The meeting started with Professor Ishāq giving his estimate of the number of Christians in Egypt, which he argued would be fair to assume is no less than 10% of the entire population in the country. He mentioned that it primarily is Christian youth who migrate and convert from Christianity to Islam.

 

It was asked if the professor had access to church registration books or other statistics to back up his stated figures but he did not. Meaning that it was his estimates only, without any further source.

 

Professor Ishāq continued the conversation by making a clear distinction between Muslims and Christians in Egypt, arguing that Muslims are referred to as Arabs, while Christians are referred to at Egyptians, why he stated the two terms do not have the same meaning attached to them. He continued that the Muslim population increases more than that of the Christians due to bigger families, conversions to Islam, and emigration of Christians.

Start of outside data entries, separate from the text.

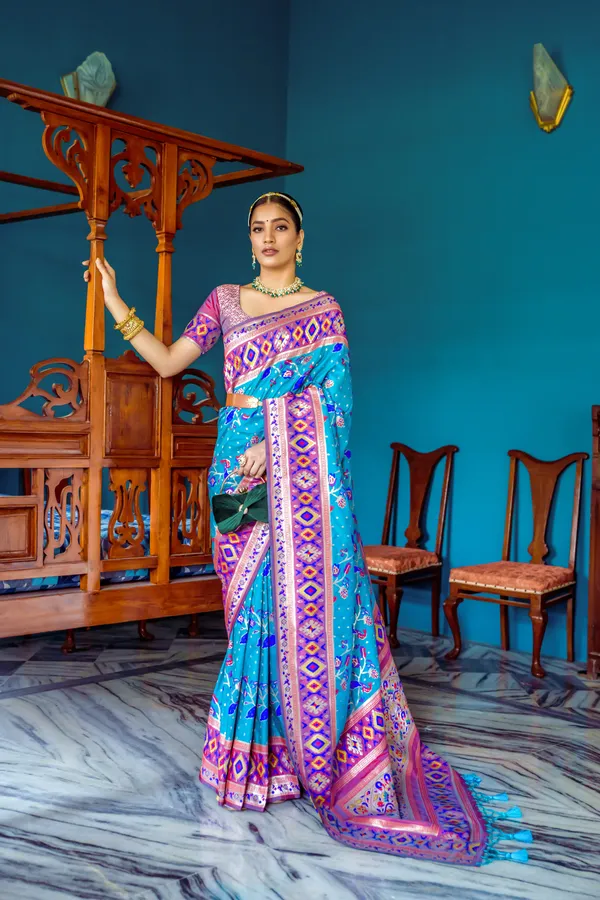 Teal_Paithani_Silk_Saree_With_Blouse_Piece_For_Women
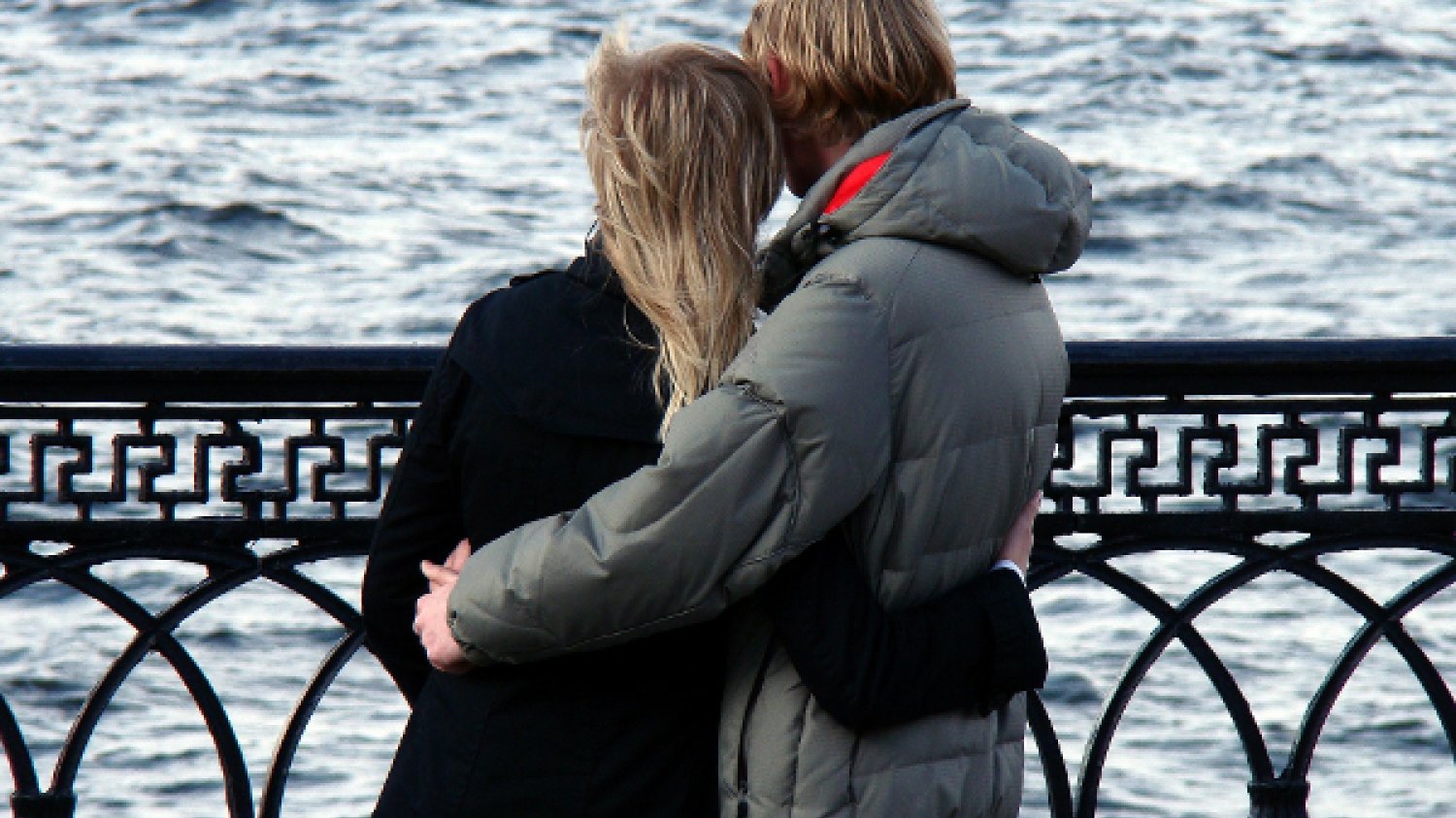 Fot. Pixabay / [url=https://pixabay.com/en/couple-love-tenderness-sweethearts-168191/]takazart[/url]/[url=https://pixabay.com/en/service/terms/#usage]CC0 Public Domain[/url]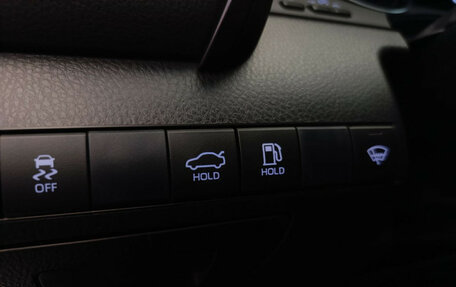 Toyota Camry, 2019 год, 2 580 000 рублей, 18 фотография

One of the students asked for the reason why he believed that Muslims tend to have bigger families. He responded that in general Egyptian Christians have a higher level of education than Egyptian Muslims, why they chose to have fewer children to be able to take better care of them. Also he argued that there is a Christian problem, which he states is persecution, not discrimination! He elaborated that there are attacks on Christianity taking place and refers to historical events, like when it has been tried to force Christians to migrate from one village to others. He says that it is important to convince Muslims that persecution is not good for Islam. Also he mentions that: “Egyptians convert by force”, the word ‘Egyptians’ used in the context of this statement refers to Christians according to the earlier definitions made by the professor. In this relation he also mentioned that it is mainly poor people who convert due to poverty, why giving money to these poor Christians is a help to prevent conversions to Islam.

 

However, when he was asked, if he was aware of concrete examples of forced conversion he thought for minutes, and seemed not to able to come up with specific examples supporting this statement. He then argued that the Muslim Brotherhood, who has come to play a significant role in the Egyptian politics, will force Christians to convert to Islam through education.  

 

He went on by stating that: “Islam allows Muslims to take the money and the women of the Christians!” The atmosphere in the room got a little tense; some students did not really take the statement serious, others seemed to be chocked, but all were one way or the other scowling to the one Muslim in the room, and when the professor continued: “The same is happening in your countries!” referring to the European countries, she left the room, clearly very upset, with the professor shouting after her: “Yes, you can just leave!” This made the feelings ran high among several students who were closely affiliated to the girl, and soon after left the room as well, presumably in support. Meanwhile the two Austrian professors were clearly chocked and did not know whether or not to continue the meeting, but finally decided that it would be inappropriate to go on, why the meeting was cut off in this very awkward way. The professor later apologized to the girl for his behaviour.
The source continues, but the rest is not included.